Le CRS estime aussi que les critères de recrutement sont à revoir. On accepte des candidats à un niveau beaucoup trop bas et les motivations des aspirants policiers ne sont pas assez étudiées. Si certains veulent encore intégrer l’institution par vocation, et "ceux-là on les repère rapidement", commente Didier, d’autres candidateraient pour des motifs beaucoup moins louables.
Ordres absurdes : "mêmes conneries que pendant les gilets jaunes!"

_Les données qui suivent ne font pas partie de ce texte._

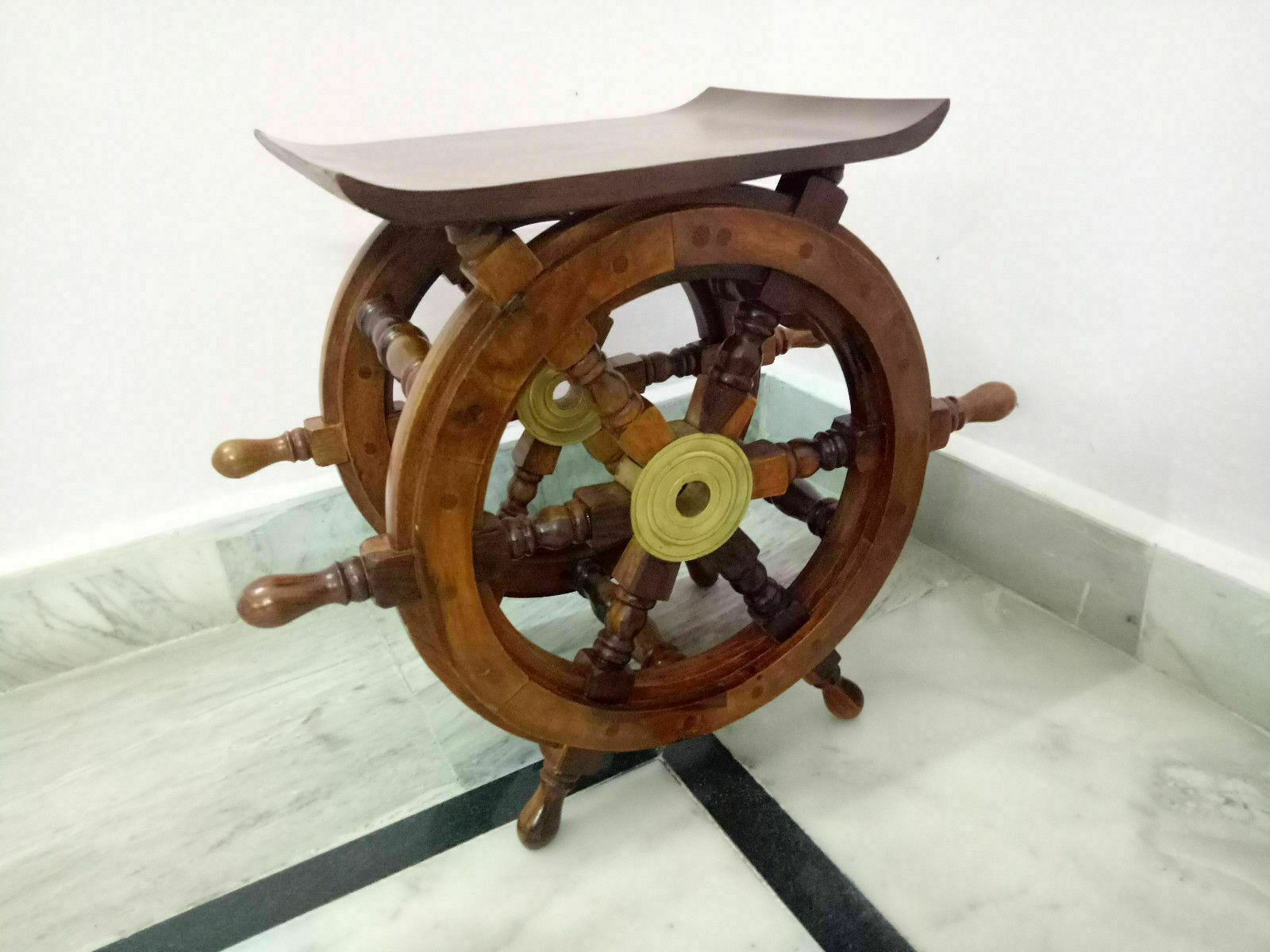 Nautical wheel table ship boat steering end decor pirate wooden teak furniture G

Le policier s’interroge aussi sur les situations où des manifestants reçoivent des ordres de dispersion alors qu’ils sont encerclés dans des nasses qui les empêchent, de fait, d’obéir. Ces situations extrêmement anxiogènes et violentes sont connues pour être sources d’affrontements et génératrices d’animosité de la part de la population envers les forces de l’ordre.
"Nous avons déjà eu le problème avec les gilets jaunes, le 1er décembre, sur la place de l’Étoile à Paris. Toutes les forces de police avaient fermé la place et on disait aux gens de sortir !", se rappelle Didier.

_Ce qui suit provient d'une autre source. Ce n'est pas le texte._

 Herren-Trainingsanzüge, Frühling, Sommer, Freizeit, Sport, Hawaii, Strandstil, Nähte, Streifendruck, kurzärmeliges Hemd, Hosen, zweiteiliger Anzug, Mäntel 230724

Il essaie de comprendre : "On a une chaîne hiérarchique tellement dense. La chaîne d’infos peut être cassée ? Il y a le commandement au QG mais ça va aussi au-dessus et ça part dans plein de directions…".

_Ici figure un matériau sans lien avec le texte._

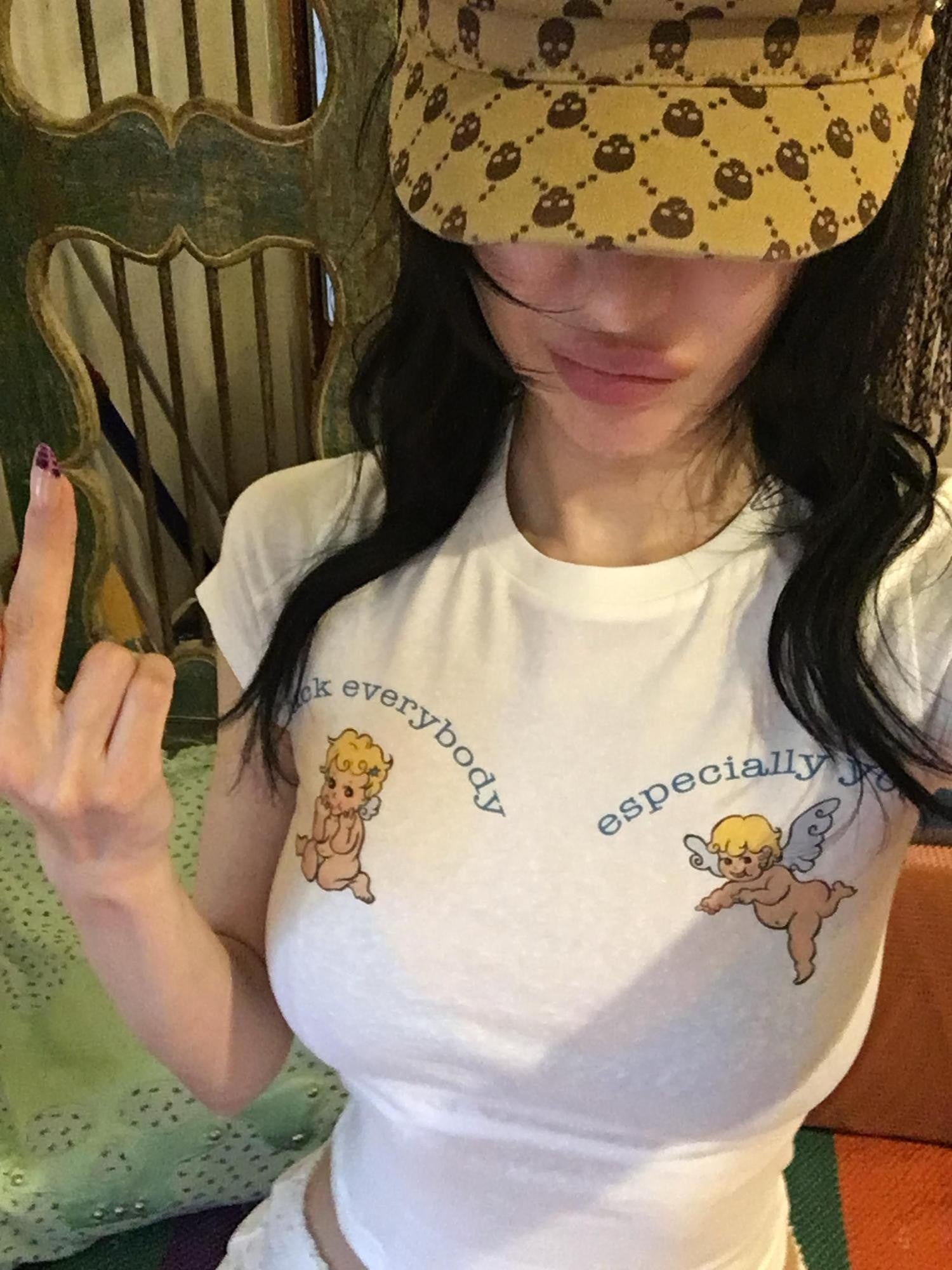 FOURFORTY Mint Green Baby Angel Hand Gesture Graphic Women's Crop Tops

Pour autant des questions demeurent. "On a revu le même cas de figure à la Concorde quand c’est parti 'en sucette' après le 49.3 pour la réforme des retraites. On s’est dit : 'c’est pas possible ! Ils recommencent les mêmes conneries que pendant les gilets jaunes ! Ils ont pas compris !' On avait beau faire des messages radios pour alerter les autorités du gros problème qu’il y avait, il n’y avait aucune réaction !"
Alors Didier émet d’autres hypothèses quant à l’origine du problème : "Est-ce la panique ? Est-ce que c’est voulu ? Est-ce que… En tout cas, il y a un problème quelque part".
Justement, le fameux "nous ne sommes pas dans le même camp, madame", de l’ancien préfet de police de Paris, Didier Lallement, interpellé par une pacifique gilet jaune, n’a pas manqué de poser un problème aux policiers.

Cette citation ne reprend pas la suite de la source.